Miret’s lyrics were a step up too. As promised, tracks like Remind Them, Blind Justice and United And Strong carried timeless messages of rejecting authority and finding strength in unity, and while the likes of Last Warning and Your Mistake did lean a little more into the tough guy image AF have never quite been able to shake, others were perhaps surprisingly vulnerable. The aforementioned With Time was Miret’s version of a love song for his then girlfriend Amy, this track, Hiding Inside and Fascist Attitudes all taking stock of the violence he saw in himself and expressing a genuine desire to change. “It’s time to grow out of your Nazi hypocrism / When you really don’t want part of a fucked up system”, he sings in the latter – though clearly that wasn’t enough for some.
Tim Yohannan of the influential Maximum Rocknroll was convinced that AF were Nazi skinheads, his September 1984 review of the record alleging that “much of the narrow-mindedness, fanatical nationalism, and violence that has destroyed the New York punk scene seems to have revolved around AGNOSTIC FRONT.” The band’s use of the harrowing photograph known as The Last Jew In Vinnitsa for the album’s artwork didn’t particularly help matters either, though Miret has gone on record multiple times to explain that the intention was always to educate. “It was a pretty intense photo,” he acknowledged to Songfacts in 2015. “But that was the purpose of it. I wanted people to see that and know that that did happen, and it can happen again.”

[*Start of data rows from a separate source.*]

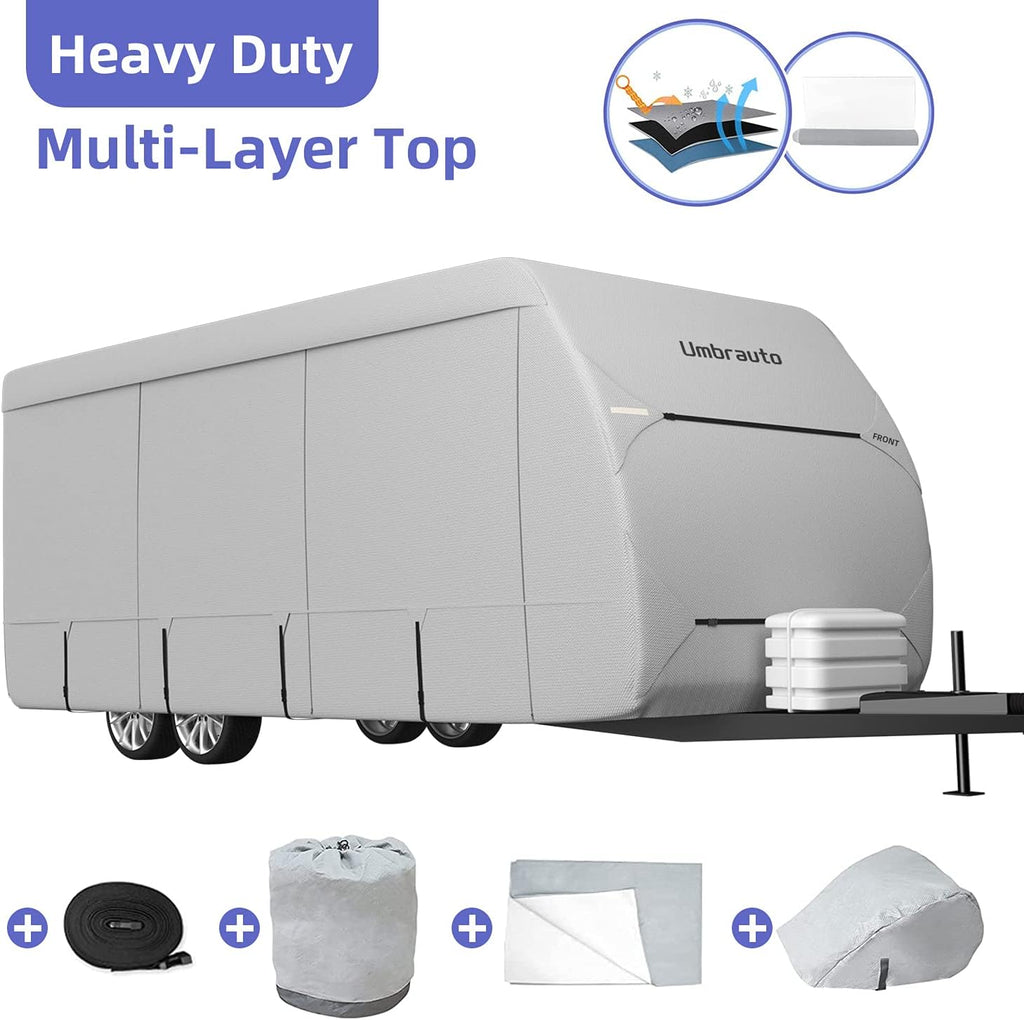 Gray/White Waterproof Travel Trailer RV Cover G5417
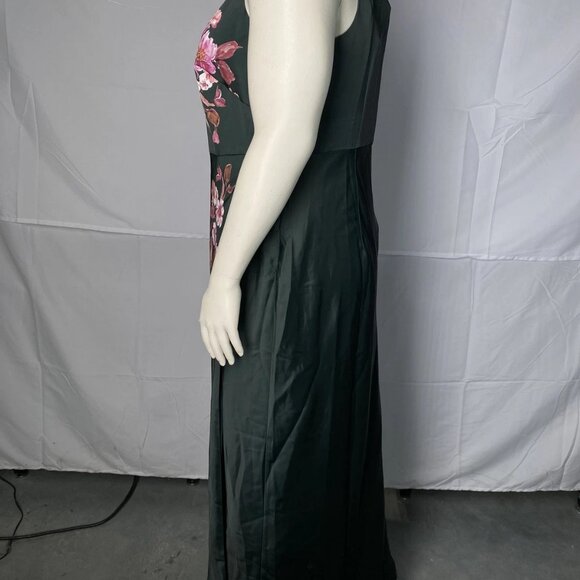 BHLDN Women’s Dylan One-Shoulder Stretch Satin Maxi Dress Emerald Green Size 20W - Picture 10 of 12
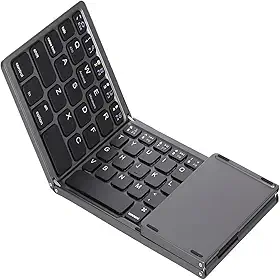 Mini Teclado Dobrável com Ç Portátil Tecnologia Bluetooth Sem Fio Com Touchpad
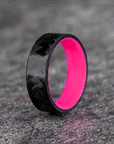 Polished Carbon Fiber Diagonal Pattern Ring with Glow Resin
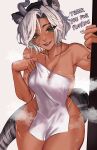  1girl animal_ears breasts covering_privates dark-skinned_female dark_skin english_commentary english_text green_eyes grey_hair highres horns indie_virtual_youtuber jewelry large_breasts leaning_forward looking_at_viewer necklace nude_cover sansin_jin scar second-party_source short_hair solo suliavtuber tail teeth thighhighs towel virtual_youtuber 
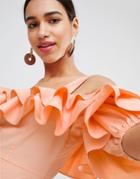 Fashion Union Off Shoulder Romper With Ruffle Layers - Orange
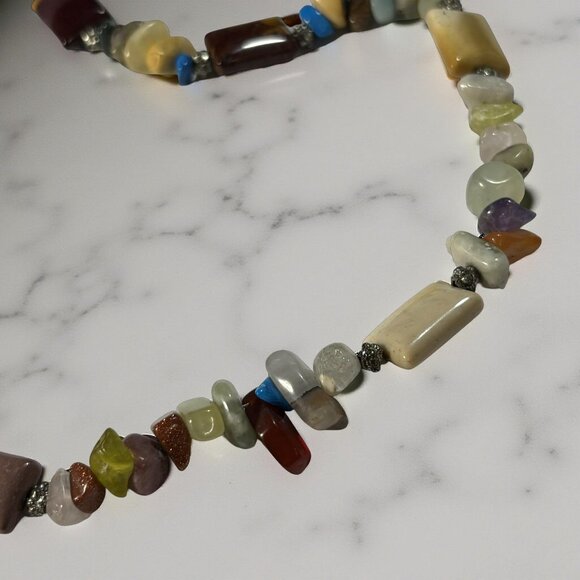 Mookaite & Gemstone Chip Necklace – 26" Boho Earthtone Strand - Picture 10 of 11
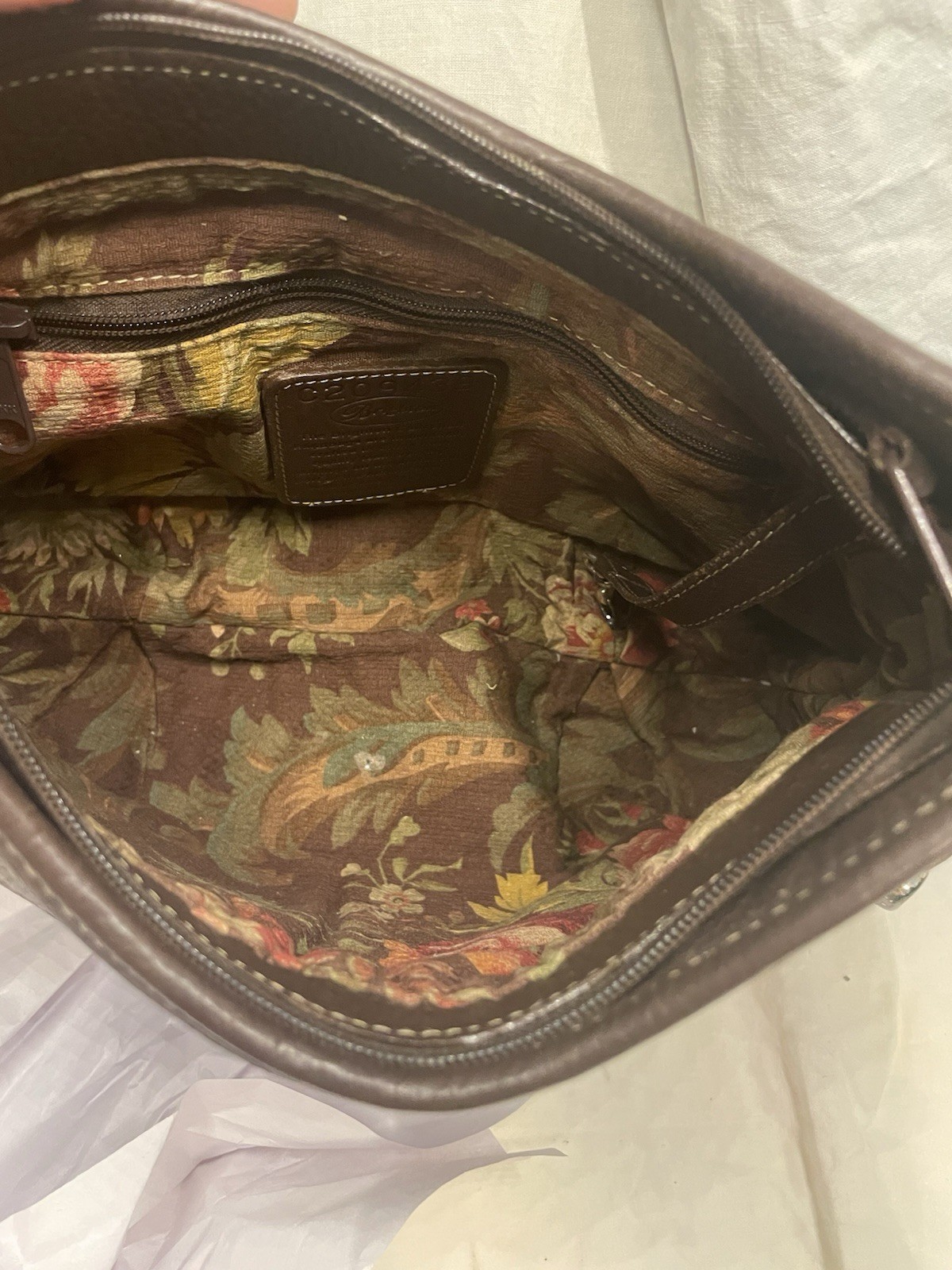 Brighton Brown Pebbled Shoulder Bag Braided Strap Floral Lining Inner Pockets
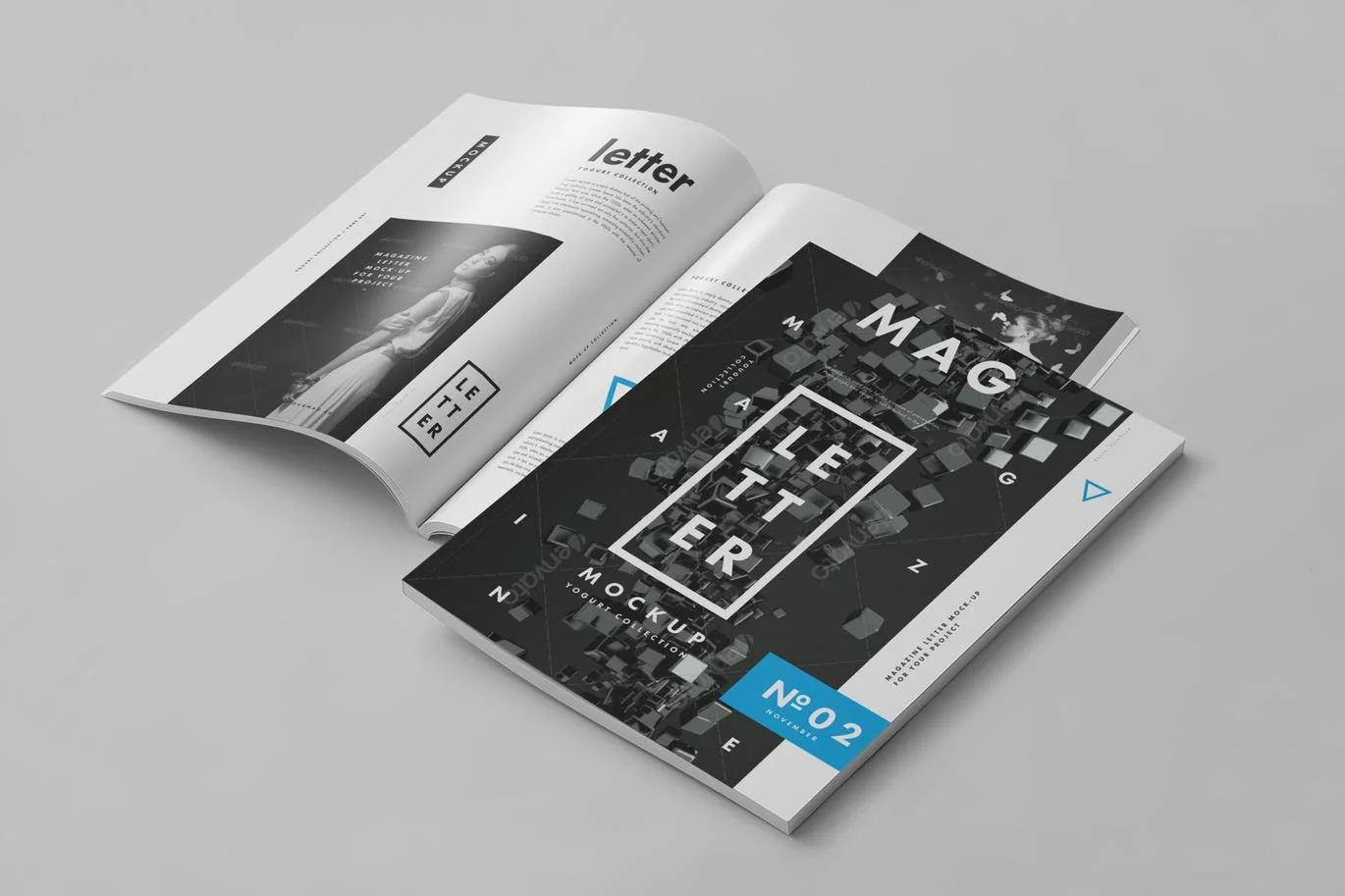 Horizontal US Letter Magazine Mock up 2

Ultimately the band’s efforts and legacy should speak for themselves. They haven’t always nailed it – there’s a track on the album after this that really was a misstep, for example – but for over 40 years AGNOSTIC FRONT have always attempted to stand for what is right. It began, in earnest at least, with Victim In Pain, the album that will forever be regarded as their finest hour and the first true classic in a pantheon that now overflows with the works of the likes of the CRO-MAGS, LEEWAY, MADBALL, SICK OF IT ALL, BIOHAZARD and MERAUDER, to name just a few. New York may have had some catching up to do back in 1984, but the arrival of Victim In Pain marked the moment from which the hardcore scene would forever be trying to catch up with New York.
Victim In Pain was originally released in September 1984 via Rat Cage Records.